What you should do: Give back only the line containing "Meisenheim 1898 Rathaus" and every line after it through the end of the data below, transcribed exactly.

Extracted records
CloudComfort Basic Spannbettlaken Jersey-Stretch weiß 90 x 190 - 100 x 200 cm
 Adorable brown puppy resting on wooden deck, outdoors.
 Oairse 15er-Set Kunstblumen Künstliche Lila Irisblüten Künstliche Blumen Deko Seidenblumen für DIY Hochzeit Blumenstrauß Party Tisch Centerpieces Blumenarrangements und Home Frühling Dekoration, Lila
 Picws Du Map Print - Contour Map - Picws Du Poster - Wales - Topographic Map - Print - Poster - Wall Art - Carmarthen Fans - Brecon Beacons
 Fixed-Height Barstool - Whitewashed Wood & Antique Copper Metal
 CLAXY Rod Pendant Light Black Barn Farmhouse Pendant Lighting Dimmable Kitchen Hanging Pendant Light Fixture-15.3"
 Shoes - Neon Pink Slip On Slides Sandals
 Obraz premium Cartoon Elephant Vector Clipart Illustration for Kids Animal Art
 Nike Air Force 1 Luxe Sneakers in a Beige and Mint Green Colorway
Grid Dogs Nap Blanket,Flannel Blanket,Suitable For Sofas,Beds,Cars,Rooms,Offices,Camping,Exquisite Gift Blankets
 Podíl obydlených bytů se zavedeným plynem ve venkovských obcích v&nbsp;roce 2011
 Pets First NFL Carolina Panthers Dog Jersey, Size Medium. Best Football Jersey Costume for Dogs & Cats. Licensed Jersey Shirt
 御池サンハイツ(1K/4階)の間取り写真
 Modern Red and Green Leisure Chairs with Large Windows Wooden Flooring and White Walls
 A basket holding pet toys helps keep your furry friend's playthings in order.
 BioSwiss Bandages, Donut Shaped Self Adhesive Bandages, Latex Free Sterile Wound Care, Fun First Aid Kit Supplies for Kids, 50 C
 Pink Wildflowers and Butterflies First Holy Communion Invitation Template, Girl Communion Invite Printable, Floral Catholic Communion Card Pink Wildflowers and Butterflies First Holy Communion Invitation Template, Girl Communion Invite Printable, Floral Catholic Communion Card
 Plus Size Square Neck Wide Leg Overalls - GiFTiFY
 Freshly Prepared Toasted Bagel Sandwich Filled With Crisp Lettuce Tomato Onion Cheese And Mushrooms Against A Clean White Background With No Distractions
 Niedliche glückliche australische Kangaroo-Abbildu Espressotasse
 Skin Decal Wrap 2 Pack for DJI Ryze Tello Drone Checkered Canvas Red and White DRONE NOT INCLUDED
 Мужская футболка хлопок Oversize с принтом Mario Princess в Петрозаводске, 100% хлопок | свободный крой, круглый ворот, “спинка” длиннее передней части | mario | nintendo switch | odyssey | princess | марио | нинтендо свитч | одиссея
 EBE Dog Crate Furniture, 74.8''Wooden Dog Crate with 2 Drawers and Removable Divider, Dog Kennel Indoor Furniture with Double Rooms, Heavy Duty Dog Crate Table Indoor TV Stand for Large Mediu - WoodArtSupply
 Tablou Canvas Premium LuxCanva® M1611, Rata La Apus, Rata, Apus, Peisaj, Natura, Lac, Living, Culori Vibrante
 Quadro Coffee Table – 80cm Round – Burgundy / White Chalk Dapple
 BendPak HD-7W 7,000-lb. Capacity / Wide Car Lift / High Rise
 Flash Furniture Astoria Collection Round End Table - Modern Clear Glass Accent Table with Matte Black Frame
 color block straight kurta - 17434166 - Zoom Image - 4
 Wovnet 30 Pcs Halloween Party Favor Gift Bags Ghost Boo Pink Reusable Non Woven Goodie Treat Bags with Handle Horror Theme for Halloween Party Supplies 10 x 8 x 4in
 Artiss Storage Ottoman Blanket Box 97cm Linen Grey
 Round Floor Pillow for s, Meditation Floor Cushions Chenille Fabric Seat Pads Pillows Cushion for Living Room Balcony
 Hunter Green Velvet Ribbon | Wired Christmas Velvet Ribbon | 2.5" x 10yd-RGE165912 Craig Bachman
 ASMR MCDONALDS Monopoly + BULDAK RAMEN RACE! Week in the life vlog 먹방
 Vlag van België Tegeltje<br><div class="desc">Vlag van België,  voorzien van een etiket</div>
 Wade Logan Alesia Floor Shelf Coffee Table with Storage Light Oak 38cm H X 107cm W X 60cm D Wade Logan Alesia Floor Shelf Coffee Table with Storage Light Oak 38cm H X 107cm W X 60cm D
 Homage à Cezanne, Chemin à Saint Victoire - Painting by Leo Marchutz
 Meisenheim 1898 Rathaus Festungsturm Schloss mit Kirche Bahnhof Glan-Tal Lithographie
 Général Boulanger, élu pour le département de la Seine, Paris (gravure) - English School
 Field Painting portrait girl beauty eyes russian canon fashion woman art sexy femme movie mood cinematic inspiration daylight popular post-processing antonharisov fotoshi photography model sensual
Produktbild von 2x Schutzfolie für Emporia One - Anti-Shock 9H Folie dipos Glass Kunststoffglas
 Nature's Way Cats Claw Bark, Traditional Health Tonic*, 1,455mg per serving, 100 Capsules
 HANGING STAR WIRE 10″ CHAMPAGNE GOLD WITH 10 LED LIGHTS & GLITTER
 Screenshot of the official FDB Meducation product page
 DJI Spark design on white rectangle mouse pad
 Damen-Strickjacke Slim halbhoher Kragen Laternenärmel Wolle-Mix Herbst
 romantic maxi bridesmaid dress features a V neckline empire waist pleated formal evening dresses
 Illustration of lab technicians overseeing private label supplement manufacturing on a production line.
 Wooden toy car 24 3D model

Answer section:
 Meisenheim 1898 Rathaus Festungsturm Schloss mit Kirche Bahnhof Glan-Tal Lithographie
 Général Boulanger, élu pour le département de la Seine, Paris (gravure) - English School
 Field Painting portrait girl beauty eyes russian canon fashion woman art sexy femme movie mood cinematic inspiration daylight popular post-processing antonharisov fotoshi photography model sensual
Produktbild von 2x Schutzfolie für Emporia One - Anti-Shock 9H Folie dipos Glass Kunststoffglas
 Nature's Way Cats Claw Bark, Traditional Health Tonic*, 1,455mg per serving, 100 Capsules
 HANGING STAR WIRE 10″ CHAMPAGNE GOLD WITH 10 LED LIGHTS & GLITTER
 Screenshot of the official FDB Meducation product page
 DJI Spark design on white rectangle mouse pad
 Damen-Strickjacke Slim halbhoher Kragen Laternenärmel Wolle-Mix Herbst
 romantic maxi bridesmaid dress features a V neckline empire waist pleated formal evening dresses
 Illustration of lab technicians overseeing private label supplement manufacturing on a production line.
 Wooden toy car 24 3D model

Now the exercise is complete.